(Items listed in a dataset)
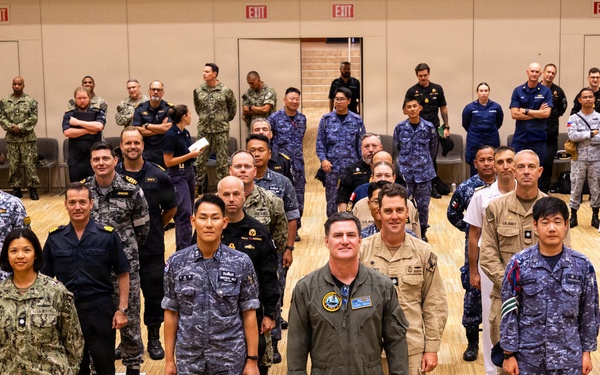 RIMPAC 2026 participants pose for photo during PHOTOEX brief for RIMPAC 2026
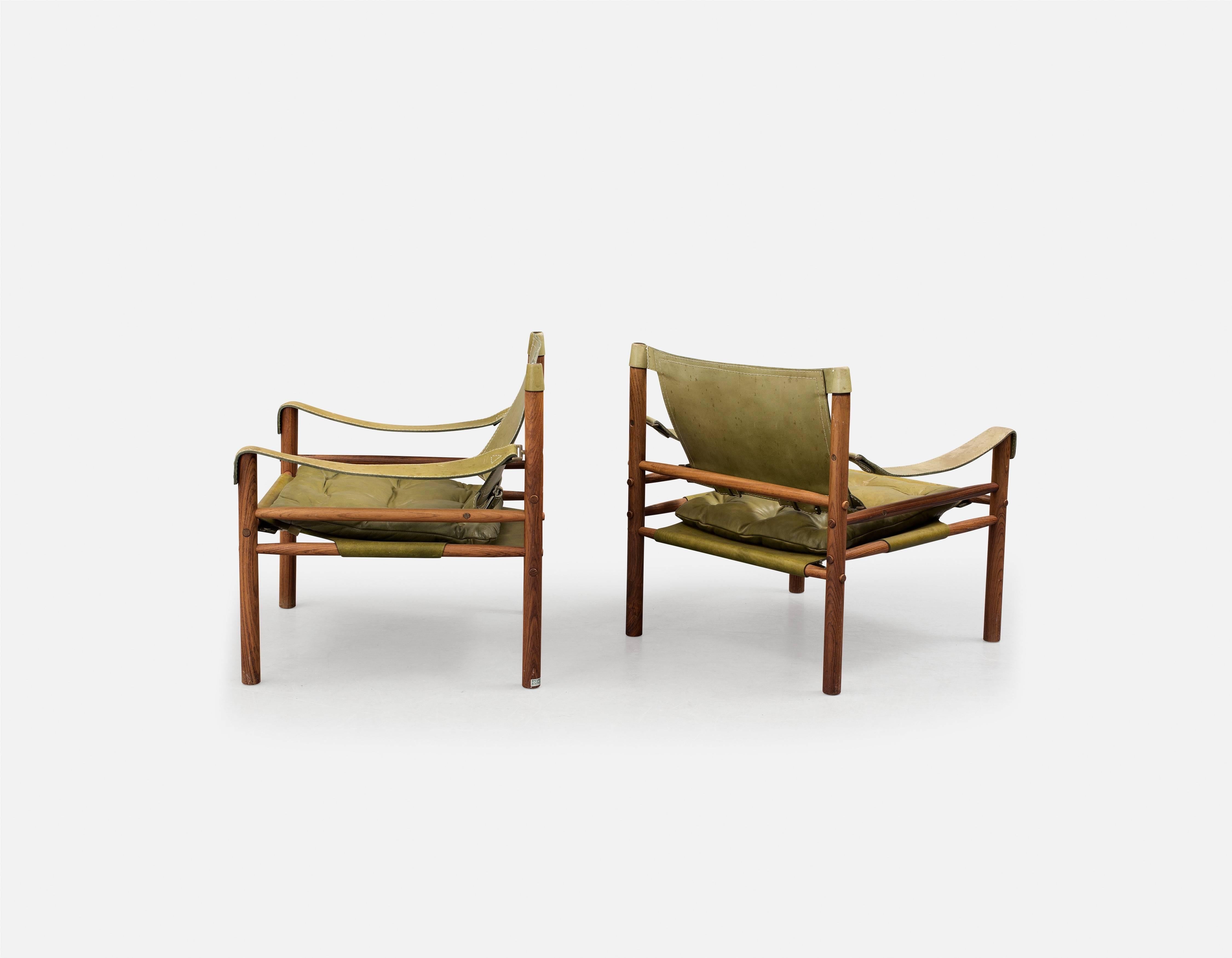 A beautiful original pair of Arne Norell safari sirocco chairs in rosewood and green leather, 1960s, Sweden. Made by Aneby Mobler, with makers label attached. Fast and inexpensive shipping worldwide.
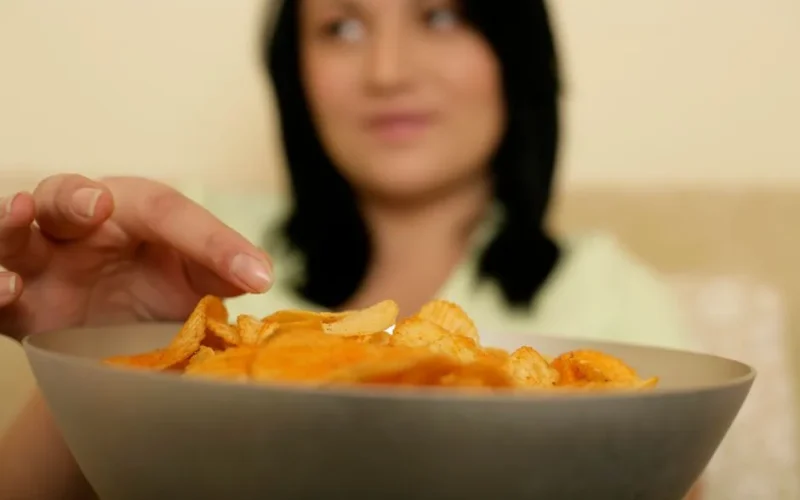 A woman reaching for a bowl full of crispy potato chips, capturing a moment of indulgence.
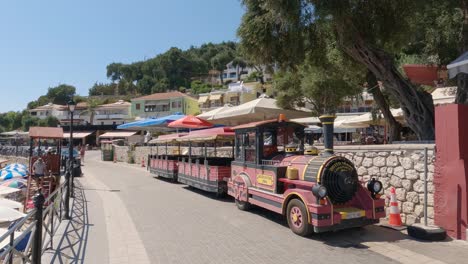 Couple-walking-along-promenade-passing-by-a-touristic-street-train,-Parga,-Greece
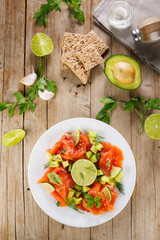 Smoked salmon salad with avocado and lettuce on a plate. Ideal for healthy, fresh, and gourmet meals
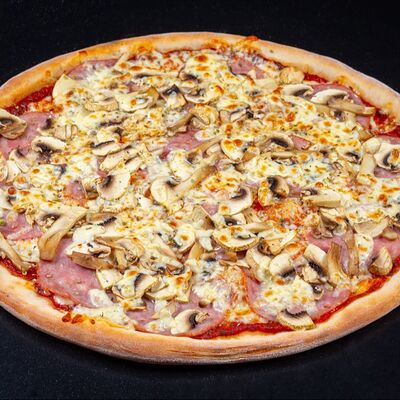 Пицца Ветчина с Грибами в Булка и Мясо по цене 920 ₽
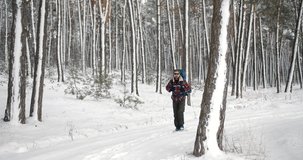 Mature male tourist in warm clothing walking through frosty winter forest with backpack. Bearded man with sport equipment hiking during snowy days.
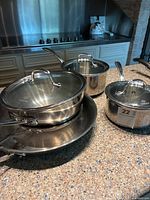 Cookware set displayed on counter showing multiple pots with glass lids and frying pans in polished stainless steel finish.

## TASK TO CARRY OUT
What lines above run from the one with "A woman reaching" to the one with "Пицца Ветчина с"? Give them again exactly, ends included, and leave the pictures out.

## OUTPUT OF THE TASK
 A woman reaching for a bowl full of crispy potato chips, capturing a moment of indulgence.
 Couple-walking-along-promenade-passing-by-a-touristic-street-train,-Parga,-Greece
 Smoked salmon salad with avocado and lettuce on a plate. Ideal for healthy, fresh, and gourmet meals
 Пицца Ветчина с Грибами в Булка и Мясо по цене 920 ₽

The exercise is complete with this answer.